While most individuals who rose to the level of suspicion have been investigated and cleared, Bell said authorities were still interested in sitting down with Rainwalker's adoptive parents, Stephen Kerr and Jocelyn McDonald, who have not been fully cooperative. The couple moved to West Rupert, Vt., about four months after the boy's disappearance. Bell said they may still hold on to information "crucial" to the case.
Twelve years old at the time of his disappearance, Rainwalker had been considered by police to have possibly run away from the Greenwich residence where he was staying with Kerr the night of Nov. 1, 2007.
McDonald's parents, Dennis Smith and Barbara Reeley, have cast doubt on that theory all along. "From the beginning we never really felt he ran away," said Smith on Thursday. "We just don't feel like that's what happened."
Still, "we've always held out hope that Jaliek is alive and would be coming home to his family."
"We would do anything to help find our grandchild," said Reeley.
Authorities denied the case had gone cold, and state police Senior Investigator Thomas Aiken said each department still believed there would be a resolution. The National Center for Missing & Exploited Children is currently in the midst of reviewing the case.

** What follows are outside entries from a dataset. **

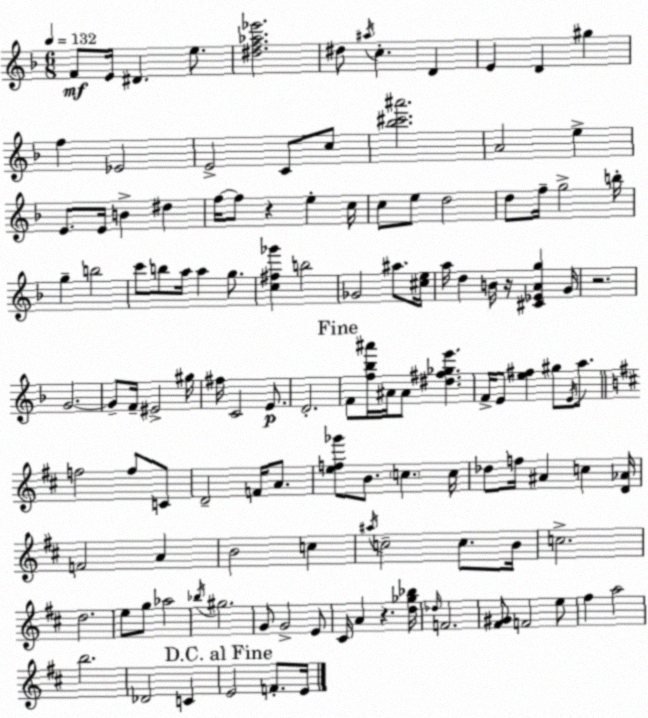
X:1
T:Untitled
M:6/8
L:1/4
K:Dm
F/2 E/4 ^D e/2 [^df_a_e']2 ^d/2 ^a/4 c D E D ^g f _E2 E2 C/2 c/2 [_b^c'^a']2 A2 e E/2 E/4 B ^d f/4 f/2 z e c/4 c/2 e/2 d2 d/2 f/4 g2 b/4 g b2 c'/2 b/2 a/4 a g/2 [c^f_g'] b2 _G2 ^a/2 [^ce]/4 a/4 d B/4 z/4 [^C_EAg] G/4 z2 G2 G/2 F/4 ^E2 ^g/4 ^f/4 C2 E/2 D2 F/2 [f_b^a']/4 ^A/4 ^A/2 [^d^f_ge'] F/4 E/2 [e^f] ^g/2 E/4 a/2 f2 f/2 C/2 D2 F/4 A/2 [ef_g']/2 B/2 c c/4 _d/2 f/4 ^A c [D_A]/4 F2 A B2 c ^a/4 c2 c/2 B/4 c2 d2 e/2 g/2 _a2 _b/4 ^g2 G/2 G2 E/2 ^C/4 A z [d_g_b]/4 _d/4 F2 [^F^G]/2 F2 e/2 ^f a2 b2 _D2 C E2 F/2 E/4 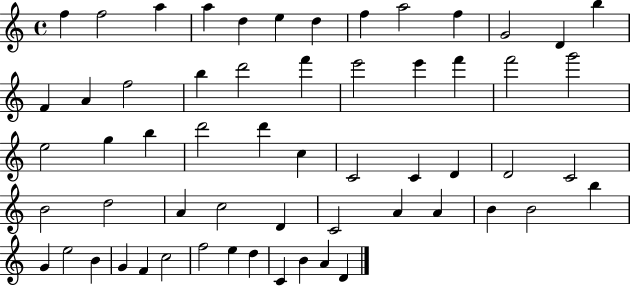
X:1
T:Untitled
M:4/4
L:1/4
K:C
f f2 a a d e d f a2 f G2 D b F A f2 b d'2 f' e'2 e' f' f'2 g'2 e2 g b d'2 d' c C2 C D D2 C2 B2 d2 A c2 D C2 A A B B2 b G e2 B G F c2 f2 e d C B A D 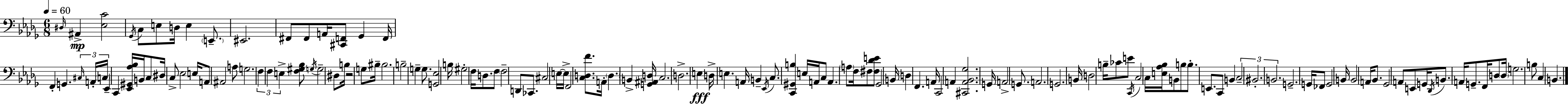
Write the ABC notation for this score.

X:1
T:Untitled
M:6/8
L:1/4
K:Bbm
^D,/4 ^A,, [_E,C]2 _G,,/4 C,/2 E,/2 D,/4 E, E,,/2 ^E,,2 ^F,,/2 ^F,,/2 A,,/4 [^C,,F,,]/2 _G,, F,,/4 F,, G,, ^C,/4 A,,/4 C,/4 _E,, C,, [_E,,^G,,_A,_B,]/4 B,,/4 C,/2 ^D,/4 C,/2 _E,2 E,/4 A,,/2 ^A,,2 A,/2 G,2 F, F, E, [F,^G,_B,]/2 G,/4 G,2 ^D,/2 B,/4 z2 G,/2 ^B,/4 ^B,2 B,2 G, G,/2 [G,,_E,]2 B,/4 ^G,2 F,/4 D,/2 F,/2 F,2 D,,/2 _C,,/2 ^C,2 E,/4 E,/4 F,,2 [C,D,F]/2 A,,/4 D, B,, [G,,^A,,D,]/4 C,2 D,2 E, D,/4 E, A,,/4 B,, _E,,/4 C,/2 [C,,^G,,B,] E,/4 A,,/4 C,/2 A,, A,/2 F,/4 ^F,/2 [^F,_DE]/2 _G,,2 B,,/4 D, F,, A,,/4 C,,2 A,, [^C,,A,,_B,,_G,]2 G,,/4 A,,2 G,,/2 A,,2 G,,2 B,,/4 D,2 B,/4 _C/2 E/2 C,,/4 C,2 C,/4 [E,_A,_B,]/4 B,,/2 B,/2 B,/2 E,,/2 C,,/2 B,, C,2 ^B,,2 B,,2 G,,2 G,,/4 _F,,/2 G,,2 B,,/4 B,,2 A,,/4 _B,,/2 _G,,2 A,,/2 E,,/2 G,,/4 _D,,/4 B,,/2 A,,/4 G,,/2 F,,/4 D,/2 D,/4 G,2 B,/2 C, B,, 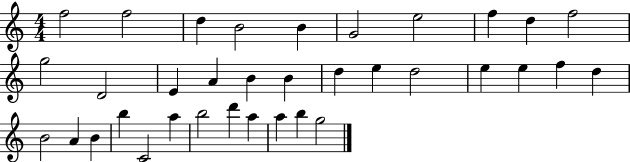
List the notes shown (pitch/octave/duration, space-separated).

F5/h F5/h D5/q B4/h B4/q G4/h E5/h F5/q D5/q F5/h G5/h D4/h E4/q A4/q B4/q B4/q D5/q E5/q D5/h E5/q E5/q F5/q D5/q B4/h A4/q B4/q B5/q C4/h A5/q B5/h D6/q A5/q A5/q B5/q G5/h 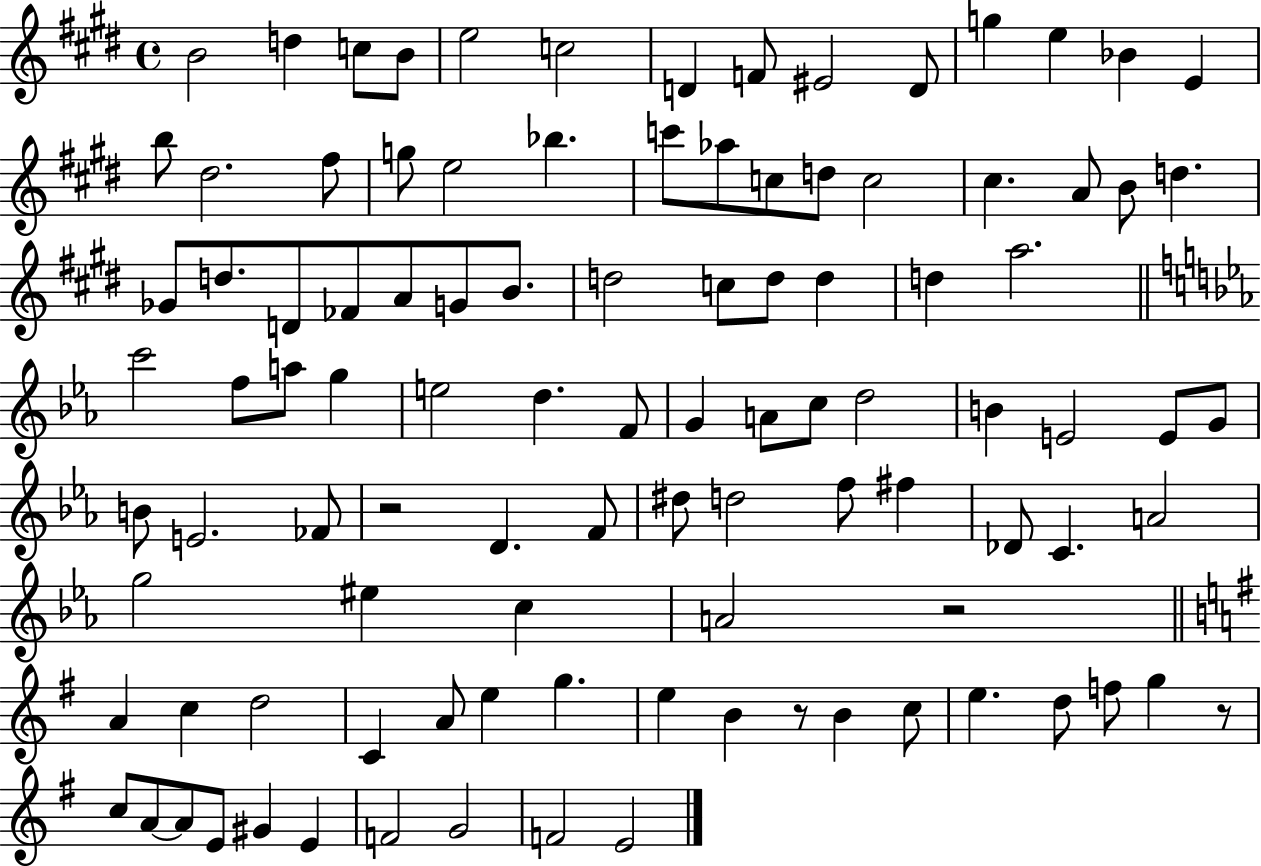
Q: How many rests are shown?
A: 4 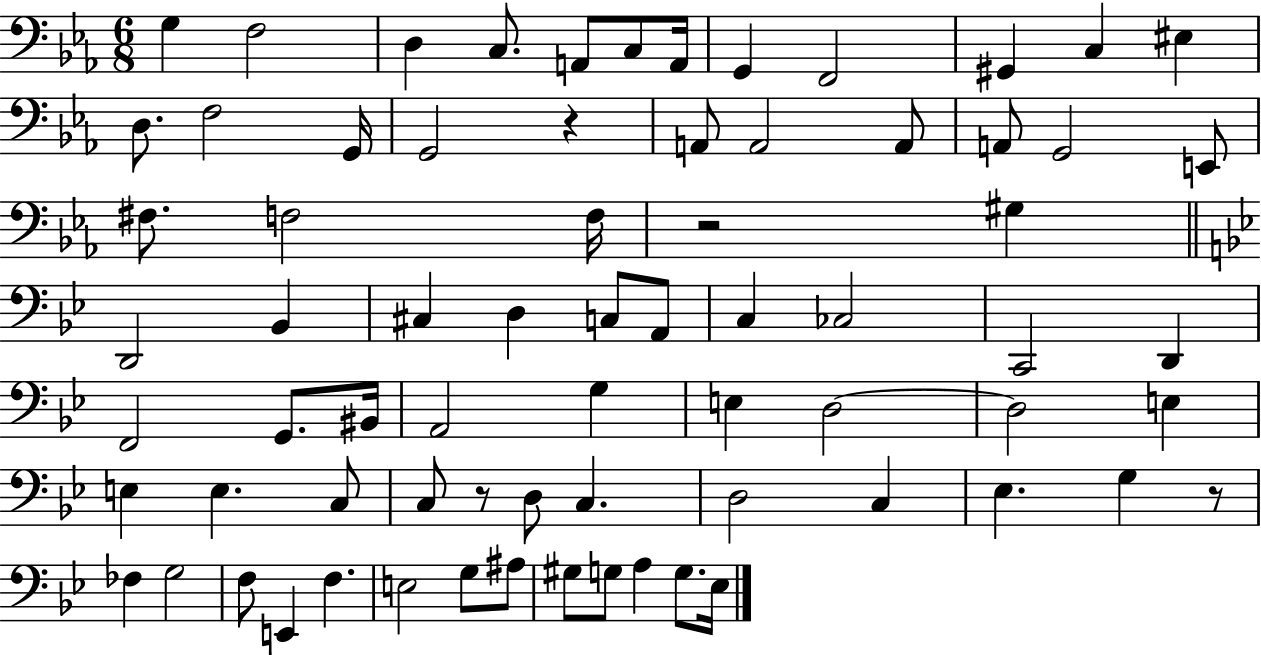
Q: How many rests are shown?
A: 4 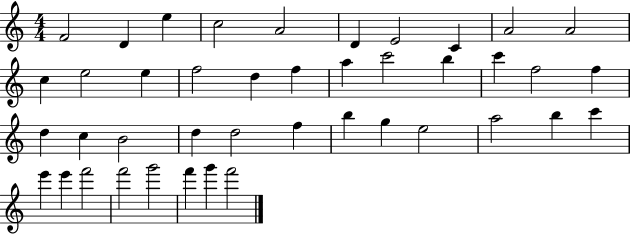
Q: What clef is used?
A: treble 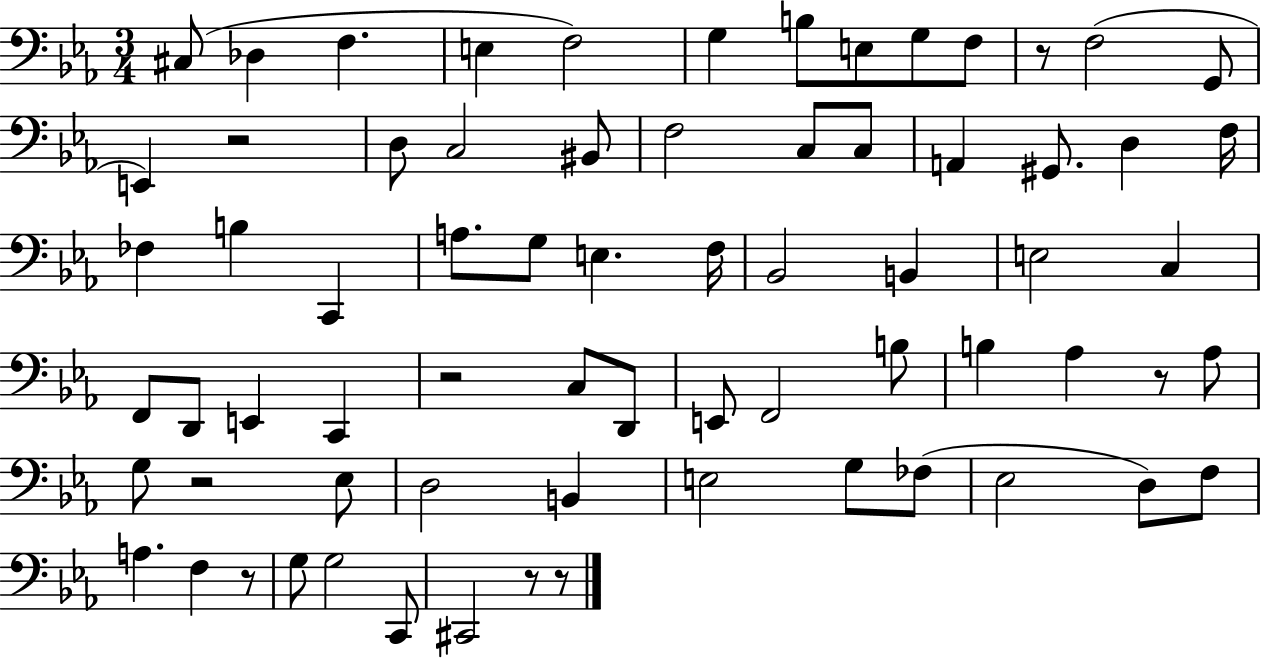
{
  \clef bass
  \numericTimeSignature
  \time 3/4
  \key ees \major
  cis8( des4 f4. | e4 f2) | g4 b8 e8 g8 f8 | r8 f2( g,8 | \break e,4) r2 | d8 c2 bis,8 | f2 c8 c8 | a,4 gis,8. d4 f16 | \break fes4 b4 c,4 | a8. g8 e4. f16 | bes,2 b,4 | e2 c4 | \break f,8 d,8 e,4 c,4 | r2 c8 d,8 | e,8 f,2 b8 | b4 aes4 r8 aes8 | \break g8 r2 ees8 | d2 b,4 | e2 g8 fes8( | ees2 d8) f8 | \break a4. f4 r8 | g8 g2 c,8 | cis,2 r8 r8 | \bar "|."
} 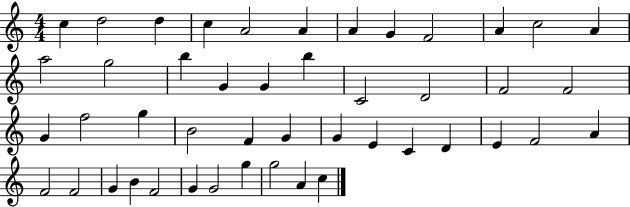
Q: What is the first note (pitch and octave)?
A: C5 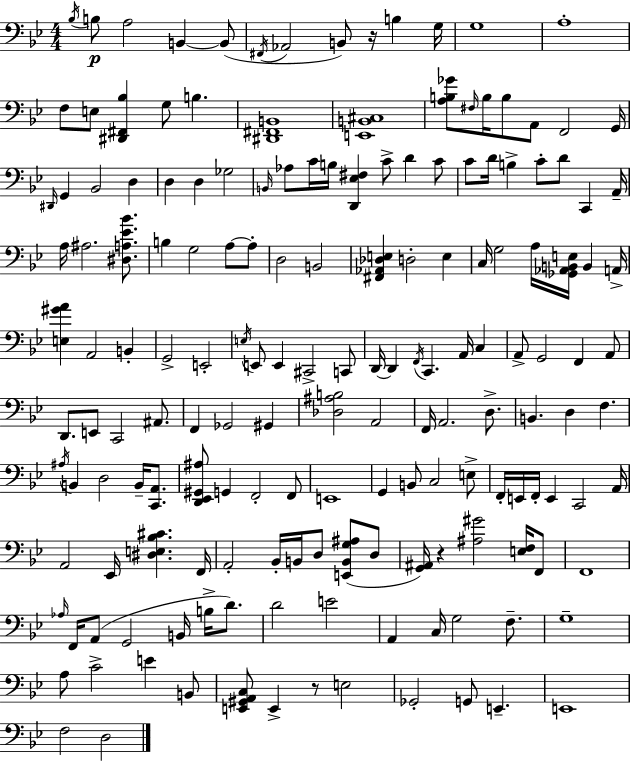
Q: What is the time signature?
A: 4/4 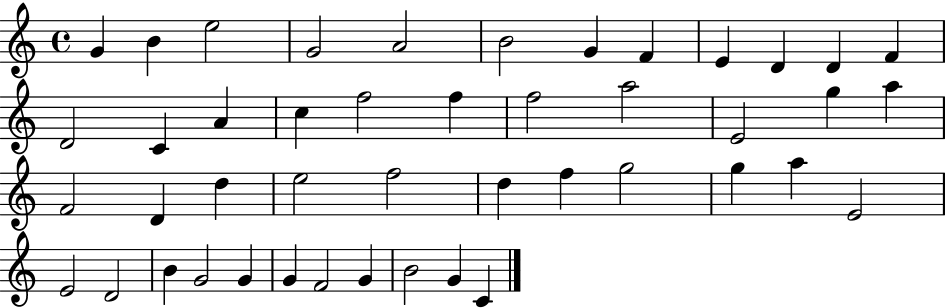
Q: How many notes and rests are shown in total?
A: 45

"The investigation remains very active and has never been considered a ‘cold case,'" Bell said, adding investigators had combed through nearly 500 leads, including a search this past Tuesday in Troy; none of which resulted in a positive identification or indication Rainwalker was still alive.
"Basically we've exhausted every lead," said Coppola. Most runaways surface shortly after disappearing because of lack of funds or planning, Bell said. He said the yellow fleece jacket Rainwalker was last seen wearing had been recovered.
Investigators with the Federal Bureau of Investigation and New York State Forest Rangers also attended Thursday's press conference at the Cambridge police station.
Smith said he didn't understand why Rainwalker's parents weren't more cooperative with authorities. "We firmly believe the truth will come to the surface and eventually we will find out what happened to our grandson. And that's what we need to know," he said.
"We just need some closure," said Reeley. "We need to know where our grandchild is or what happened to him."
Anyone with any information is asked to contact the Cambridge-Greenwich Police Department at 518-692-9332.